16 Ekim 2015 Cuma

Büyük Bina Tutkusu

Komünist mimarideki büyük bina tutkusunun bir örneği: Moskova'daki Bakanlar Kurulu Binası.
Dinsiz yöneticilerin ortak özelliği, sahip oldukları makamdan dolayı büyüklük hissine kapılmaları, kibirlenerek diğer insanları küçümsemeleridir. Bunu çeşitli şekillerde ifade ederler.

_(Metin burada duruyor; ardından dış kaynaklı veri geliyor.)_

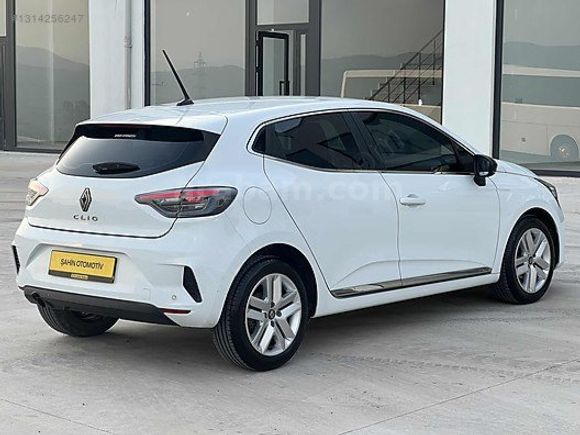 2024 RENAULT CLİO 1.0 TCE EVOLUTİON OTOMATİK HATASIZ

Kuran'da Allah bu yöneticilere örnek olarak Hz. Musa devrinde Mısır'ı yöneten Firavun'u anlatmaktadır. Firavun kibirlenerek hem Allah'a ve elçisi Hz. Musa'ya karşı gelmiş, hem de kendi halkını türlü baskılara uğratmıştır. Firavun'un büyüklük hissinin ilginç bir ifade biçimi ise, "yüksek bir kule" inşa ettirmeye kalkmasıdır. Bu amaçla Firavun tarafından yardımcısı Haman'a verilen emir Kuran'da şöyle bildirilir:
Firavun dedi ki: "Ey önde gelenler, sizin için benden başka ilah olduğunu bilmiyorum. Ey Haman, çamurun üstünde bir ateş yak da, bana yüksekçe bir kule inşa et, belki Musa'nın ilahına çıkarım çünkü gerçekten ben onu yalancılardan (biri) sanıyorum." (Kasas Suresi, 38)
Firavun'un kibirinin bir ifadesi olan "yüksek kule" tutkusu, komünist diktatörlerde de "büyük bina" tutkusu olarak ortaya çıkmıştır. Başta Sovyetler Birliği olmak üzere, tüm komünist rejimlerde abartılı derecede büyük devlet binaları inşa edilmiş, bu binalar komünist rejimin güç ve kalıcılığının bir sembolü olarak görülmüştür. Romen diktatör Nikolay Çavuşesku'nun Bükreş'te yaptırdığı saray, dünyanın en büyük binası ünvanını uzun süre korumuştur. Son derece soğuk ve zevksiz bir görümüne sahip olan saray, sadece "büyüklük" konusunda ön plana çıkabilmiş ve komünist ideolojinin büyüklük kompleksinin bir ifadesi olarak kalmıştır.